Relevance for Algeria
Medium

Algeria’s cloud market is nascent, with most enterprises still in early adoption. However, the multicloud interconnect signals a structural shift in how cloud providers compete — from lock-in to interoperability. As Algerian companies evaluate cloud strategies (Huawei Kunpeng vs hyperscalers), understanding multicloud architecture becomes a planning input. The EU Data Act’s interoperability requirements may also influence Algeria’s data protection law (Loi 11-25) evolution.
Infrastructure Ready?
No

The AWS-Google interconnect currently operates in US and European regions only. Algeria has no hyperscaler region or point of presence. Algerian companies using AWS or Google Cloud connect through European regions, making the multicloud interconnect relevant only for workloads already running in those regions — not for locally hosted infrastructure.
Skills Available?
Partial

Algerian cloud architects and DevOps engineers are generally familiar with single-cloud deployments (primarily AWS or GCP). Designing intentional multicloud architectures — with cross-cloud networking, unified identity management, and distributed data pipelines — requires more advanced skills that are currently rare in the local market.
Action Timeline
12-24 months

No immediate action required for most Algerian organizations. Companies with workloads split across AWS and Google Cloud in European regions should evaluate the interconnect during preview. For the broader market, this is a planning signal: future cloud architecture decisions should assume multicloud interoperability as a baseline capability.
Key Stakeholders
Enterprise cloud architects, CTOs evaluating cloud strategy, Algerian companies with European cloud deployments, Ministry of Digital Economy (regulatory implications), Huawei Algeria (competitive positioning)
Decision Type
Educational

The interconnect is a market-shaping development that Algerian technology leaders should understand, even if immediate adoption is limited by infrastructure geography. It changes the strategic calculus for any organization evaluating long-term cloud commitments.

Quick Take: Algerian cloud architects should study the AWS-Google multicloud interconnect as a preview of where cloud markets are heading — from lock-in to interoperability. While direct adoption is limited by the lack of local hyperscaler regions, the open API standard and EU regulatory precedent will eventually influence how Algeria’s own cloud ecosystem evolves.

Two Rivals Build a Bridge

For a decade, the big three cloud providers competed on lock-in. Proprietary networking, bespoke APIs, and punishing egress fees kept workloads sticky. Enterprises that wanted to run services across AWS and Google Cloud had to thread traffic through third-party network fabrics, negotiate separate colocation agreements, and wait weeks for circuit provisioning.

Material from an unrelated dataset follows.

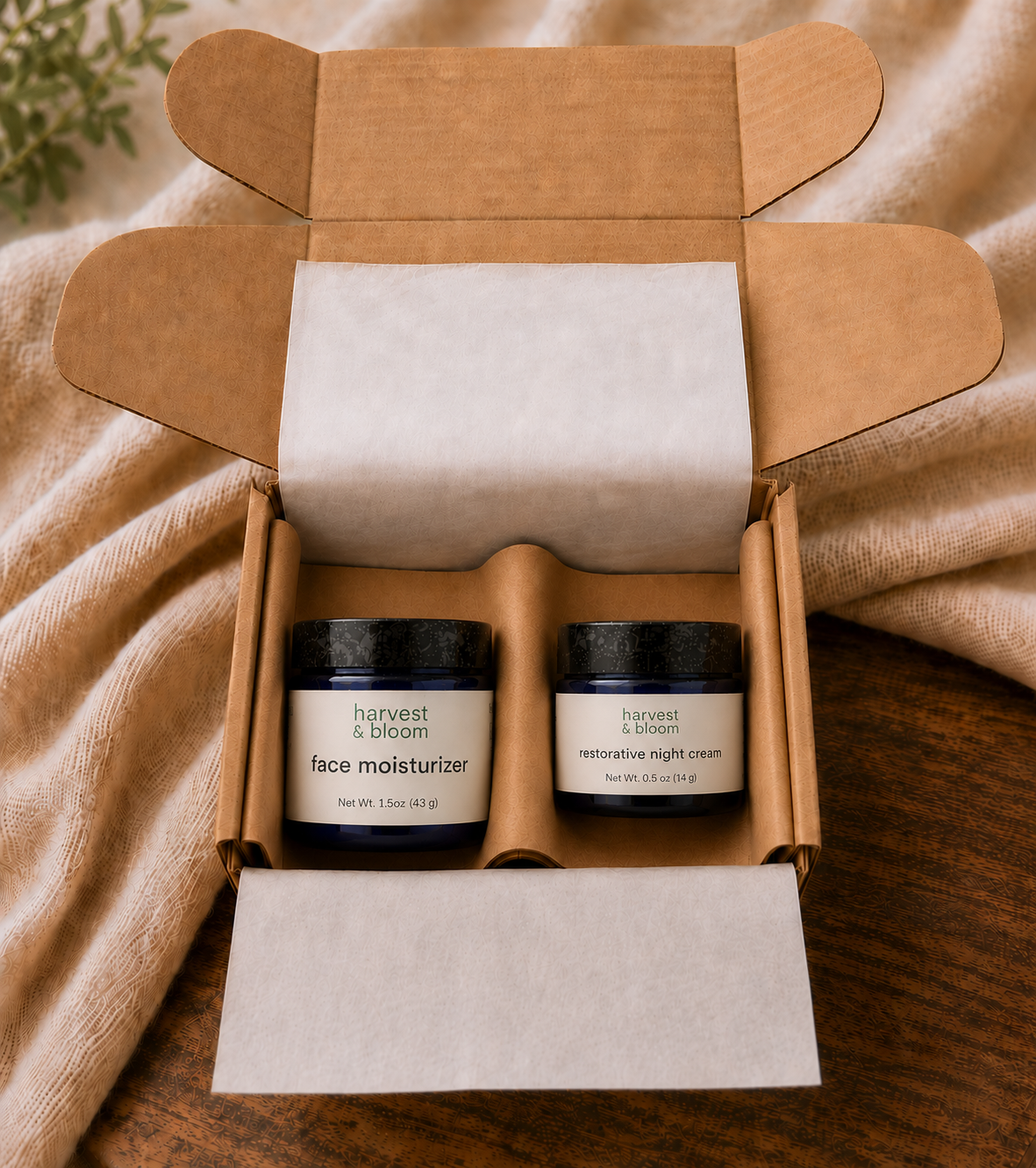 A curated natural face care gift set featuring a full-size day moisturizer and overnight cream packaged together for a complete 24-hour skincare ritual.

That changed in late 2025 when AWS unveiled AWS Interconnect — multicloud at re:Invent, with Google Cloud as the launch partner. Google simultaneously extended its Cross-Cloud Interconnect to support the same capability from its side. The result: a managed, private, high-speed network link between an Amazon VPC and a Google Cloud VPC that either party can provision in minutes through their own console.

The service entered public preview across five region pairs — US East (N. Virginia), US West (N. California), US West (Oregon), Europe (London), and Europe (Frankfurt) — each paired with a corresponding Google Cloud region. During preview, customers can create a 1 Gbps connection per account at no cost, with bandwidth expected to scale up to 100 Gbps at general availability.

What makes this more than a networking feature is the open specification. AWS and Google published the Connection Coordinator API as an OpenAPI 3.0 spec in a public GitHub repository, explicitly inviting other providers and partners to adopt it. Microsoft Azure is expected to join in the second half of 2026, turning a bilateral deal into an emerging industry standard.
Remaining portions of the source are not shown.